Ireland like so many other countries is a destination and source country for women, men and children subject to trafficking, including forced labour. (TIP Report 2015).

Presentation by Mary Ryan rsm at RENATE 2nd European Assembly, 6-12 November 2016

Ireland too has its own history of human trafficking. It was in the year 2000 when the first trafficked person was recognised and identified in Ireland. Since then human trafficking has expanded and as a country we have become better at identifying victims. In those earlier years many of the girls came from Eastern Europe and had little or no English. Today the pattern is quite different. Support providers like Ruhama have worked with women from 60 different nationalities, from every continent and representative of a wide variety of ages and ethnic backgrounds. Many still have limited or no English, no friends or family support networks here – often they do not know which country they are in, they may never have heard of Ireland. Presently many of the women are here from Africa, Brazil, Romania and South America with lesser numbers from other countries around the world.

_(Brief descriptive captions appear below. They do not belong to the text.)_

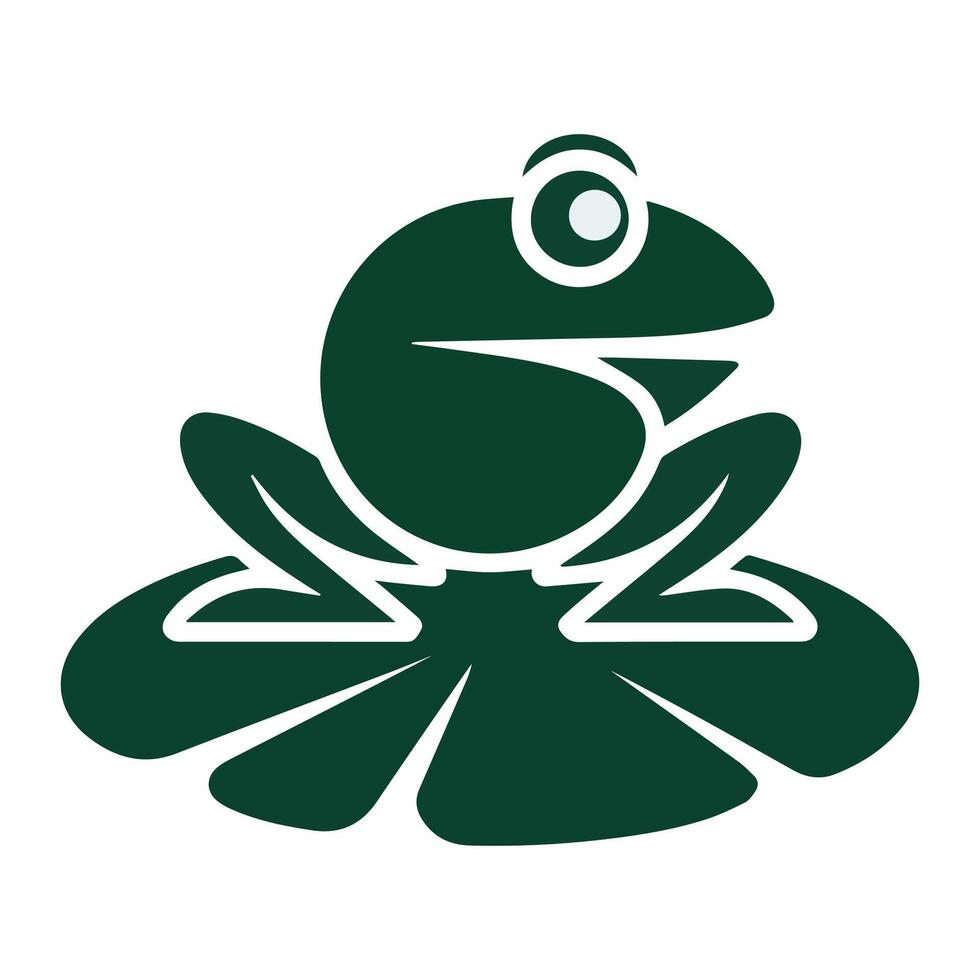Coloring page cute frog with colorful sample for coloring. . vector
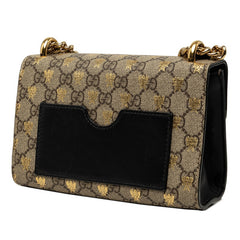 グッチ GGスプリーム ビー パドロック チェーン ショルダーバッグ ハンドバッグ 2way 409487 ベージュ PVC レザー レディース GUCCI 中古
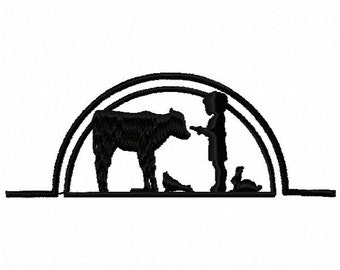 Boy with Animals Machine Embroidery Design - Instant Download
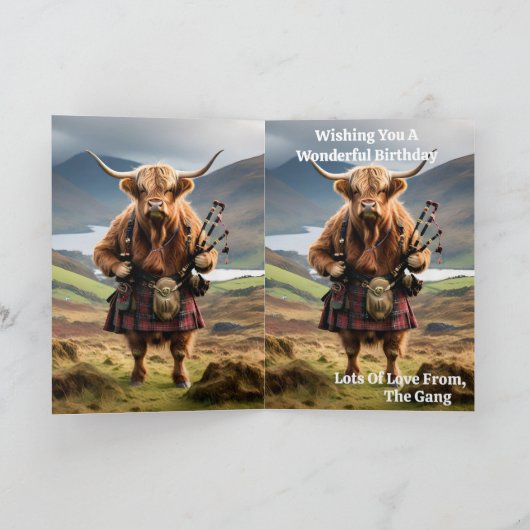 Funny Highland Cow with Bagpipe, Birthday Card Karte (Innenseite)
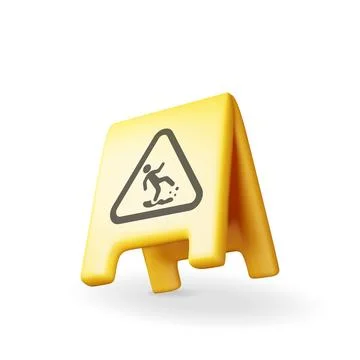 3d plastic wet floor sign isolated on white Stock Illustration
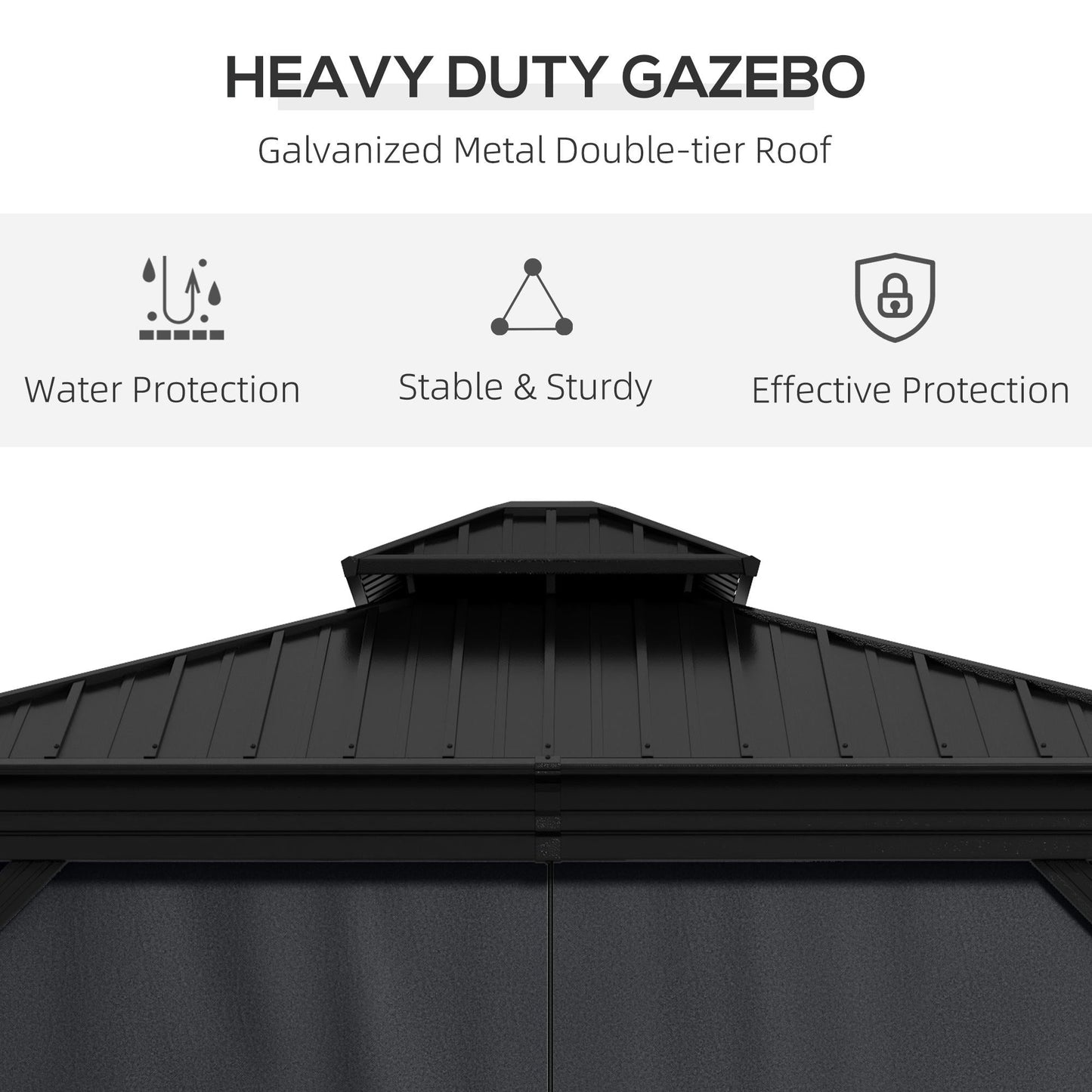 3 x 3.7m Outdoor Hardtop Gazebo Canopy Aluminium Frame with 2-Tier Roof & Mesh Netting Sidewalls for Patio, Dark Grey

Ireland has signed and ratified the Palermo Protocol and the Council of Europe Agreement for many years now and in 2008 introduced the key legislation of the Human Trafficking Act with amendments in 2013. This act provides for heavy penalties for trafficking – up to life imprisonment if specific means of force / coercion can be proved. It also makes provision for penalties for sex buyers who knowingly pay for sex services of a victim of trafficking although a buyer charged with this offence can claim ignorance of trafficking as their defence. The conviction rate for traffickers is very low and many are convicted not of trafficking as such but of related crimes such as sexual exploitation, possession of child pornography and sexual assault. While there is evidence of trafficking for labour and many high profile convictions, the majority of those trafficked here are women and children for sexual exploitation.

In 2015 the Criminal Justice (Sexual Offences) Bill was introduced following wide-spread consultation. This bill aims to criminalise the purchase of sexual services. It proposes wide ranging reforms of the law, including stronger sanctions aimed at protecting children from sexual exploitation, child pornography and on-line grooming. On publication of the bill Justice Minister Frances Fitzgerald stated “I am committed to addressing the very real and tragic crimes of trafficking and exploitation associated with prostitution and I am convinced that targeting the demand for such services is the way forward”. The enactment of this bill has been delayed due to unforeseen circumstances and change of Government but is eagerly awaited in the next few months.

The Second National Plan to prevent and combat Human Trafficking has come into operation and proposes a fundamental re-examination of the identification process; a review of victim support services; an enhanced data analysis system and further training and an awareness needs analysis – all very welcome supports and strategies to combat human trafficking.

Reach Project 2015/2016

This is an all-Ireland project to raise awareness of trafficking as a form of violence against women and girls. AHTU (Anti Human Trafficking Unit). The Department of Justice with EU funding initiated this project. It involved working in close co-operation with State and Civil Society organisations across two different juristictions to develop new and innovative ways of tracking Human Trafficking. This is the first all-Ireland initiative of its kind. The project has three strands that focus on different groups:

1. Women and girls as victims / potential victims of trafficking.
2. Men and boys as buyers / potential buyers, who fuel the demand for trafficking.
3. Front line professionals, those in a position to identify victims and offer support.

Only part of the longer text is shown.